Supplied entries ->
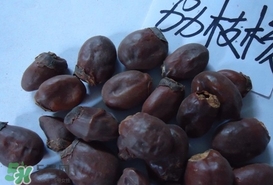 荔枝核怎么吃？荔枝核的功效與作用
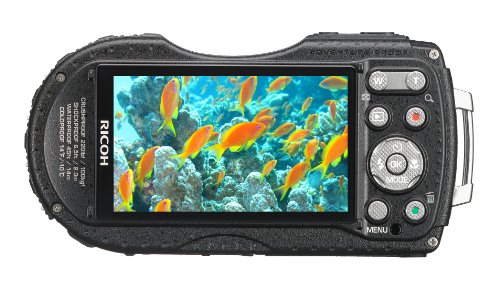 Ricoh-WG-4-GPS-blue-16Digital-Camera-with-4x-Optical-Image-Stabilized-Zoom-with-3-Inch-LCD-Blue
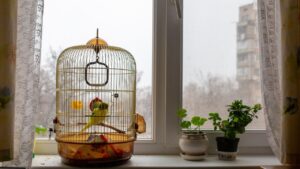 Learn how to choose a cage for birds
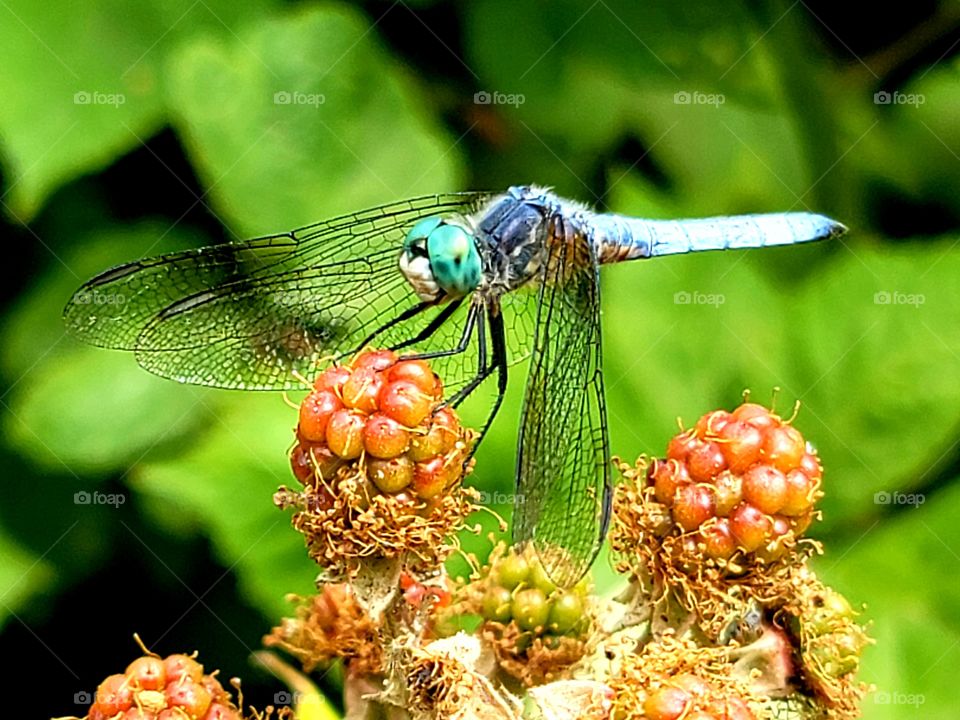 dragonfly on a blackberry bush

...

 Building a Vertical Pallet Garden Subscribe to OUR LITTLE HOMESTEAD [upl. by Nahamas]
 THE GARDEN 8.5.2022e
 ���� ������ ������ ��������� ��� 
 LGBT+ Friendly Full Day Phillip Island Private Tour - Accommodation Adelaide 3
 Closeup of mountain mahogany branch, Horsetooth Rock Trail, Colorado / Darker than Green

Problem description -> Could you set down, exactly as written, the lines above between the one holding "Building a Vertical" and the one holding "Closeup of mountain", inclusive, and nothing more?

Your response ->
 Building a Vertical Pallet Garden Subscribe to OUR LITTLE HOMESTEAD [upl. by Nahamas]
 THE GARDEN 8.5.2022e
 ���� ������ ������ ��������� ��� 
 LGBT+ Friendly Full Day Phillip Island Private Tour - Accommodation Adelaide 3
 Closeup of mountain mahogany branch, Horsetooth Rock Trail, Colorado / Darker than Green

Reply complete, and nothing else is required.